If anyone's in Brooklyn this weekend, could you pick me up a "Chelsea. 2008 Premier League Champions" hat?
I'm good for the .99, I promise.
@OlsenTwinsValueMenu:
baseball requires equipment. and sometimes food. also, i'm told being hiv negative helps
@Riddler: I pray that my wife does not figure out how to turn on the computer and read your comment. Her valentine's day present of a "Coach" purse still gets me out of doing laundry.
@McCroskey: Not Queensryche's logo. Bacardi logo -
[blog.clickz.com]
@ltwinslow: Point taken.
Also:
Don't hate the Haitians, hate the game.
Is this the same place that carries the Bison Dele swimwear collection?
@TheStarterWife: Damn! I thought they were on tour.
My buddies Hench and J-Bug do not find this post funny.
Maybe Burma refused the shipment of the hats.
@ltwinslow: Get it right Winslow - the Haitians are in WPB.
THE NEW YORK GIANTS ARE TEH AWSOMEEST FUTBALL TEAM OF ALL TIME
Oh, and Lil Wayne is crying. No, seriously, he's always crying. You know, the tear tattoos? Means he killed a man. A few actually.
/guitar gently weeps
Almost as good as the LOS ANGLES hat I saw at the LACC Swap Meet a couple of weeks ago.
Is it wrong that I still am having a Giants orgasm?
19-0 aha aha aha aha!!!!!!!!!!!!!!!!11111
@Riddler: Hiero!
De 'ayshan delegayshan rules de nayshan brudda.
@Secret Identity:
na bule' indeed
I'm the owner of a New York Yankees 2003 World Series Champion hat. A friend's wife found six of them in an Odd-Lots in Georgia last year. Hologram and everything. I keep thinking that if I wear it enough the Yankees will go back in time and win two more games.
If I could score one of those Bacardi hats, I could have the perfect receptacle for my Bacardi vomit later tonight.
@ltwinslow:
Dude, we live in Queens. Cambria Heights, actually.
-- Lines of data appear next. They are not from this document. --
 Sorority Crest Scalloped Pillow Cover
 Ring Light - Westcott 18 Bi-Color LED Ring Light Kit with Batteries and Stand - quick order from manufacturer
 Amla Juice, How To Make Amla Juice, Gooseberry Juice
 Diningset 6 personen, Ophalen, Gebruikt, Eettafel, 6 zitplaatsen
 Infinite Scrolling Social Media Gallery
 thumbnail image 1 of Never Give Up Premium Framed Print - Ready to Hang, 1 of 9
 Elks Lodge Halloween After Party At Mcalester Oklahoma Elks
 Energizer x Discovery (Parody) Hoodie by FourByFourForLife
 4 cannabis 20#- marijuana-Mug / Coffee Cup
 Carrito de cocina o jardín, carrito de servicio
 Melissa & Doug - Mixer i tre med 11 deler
And it's bad enough with the French jokes around here, now I have to put up with Haitian jokes too? Why do you hate my family, Deadspin?
@OlsenTwinsValueMenu:
Hey, we used to produce baseballs for MLB. Close enough, right?
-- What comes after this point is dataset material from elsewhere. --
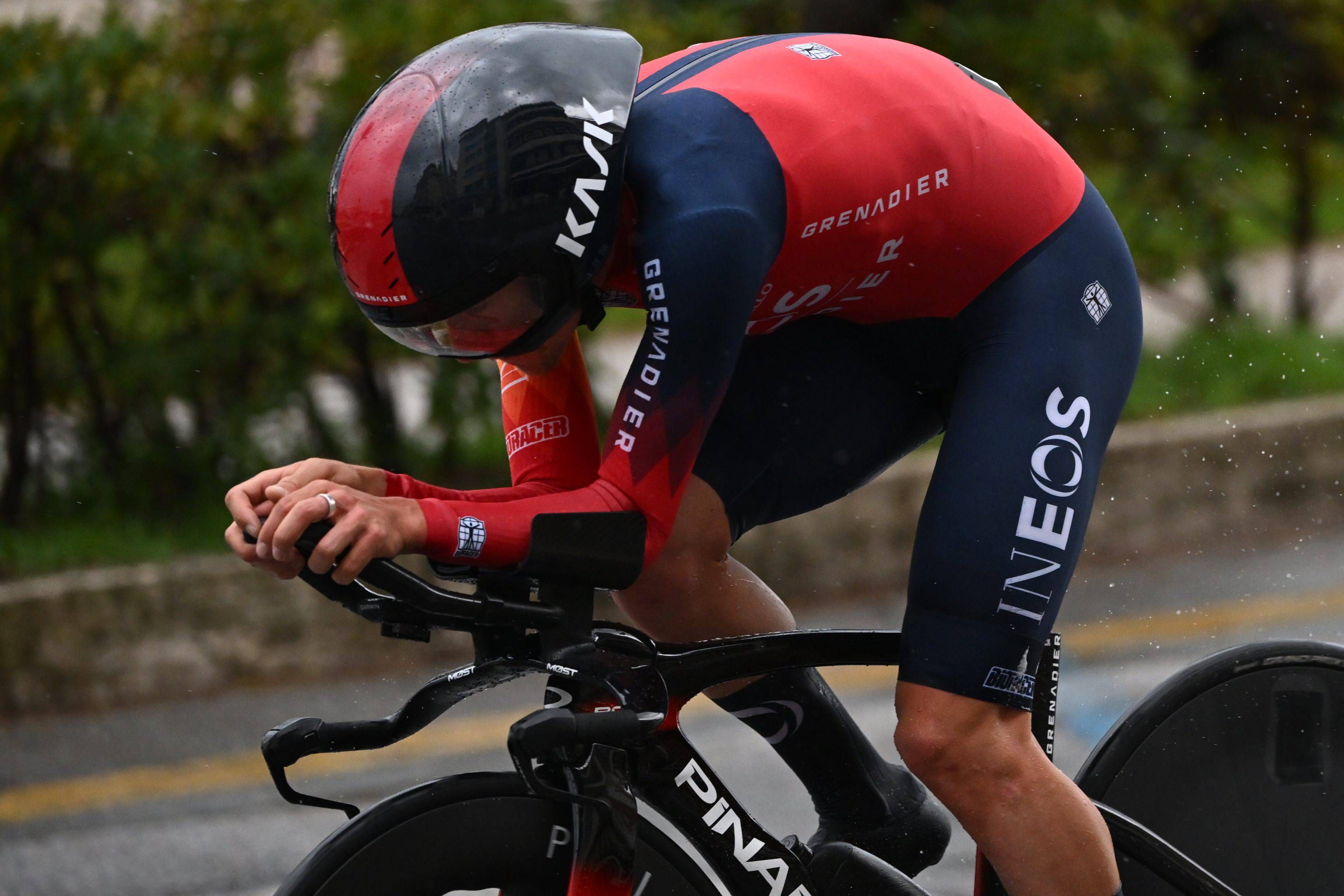  Tom Pidcock en la Tirreno-Adriático 2023.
I saw a guy wearing a "16-0 Undefeated Regular Season" T-Shirt the other day. I have to assume that if he was in New England, he would get pummled for that. More than anything, I can't believe they actually made those shirts.
i want one
@formerly Chief Wahoo: It's over in aisle four, next to the "Cleveland Indians 1997 World Series Champion" Throw blankets.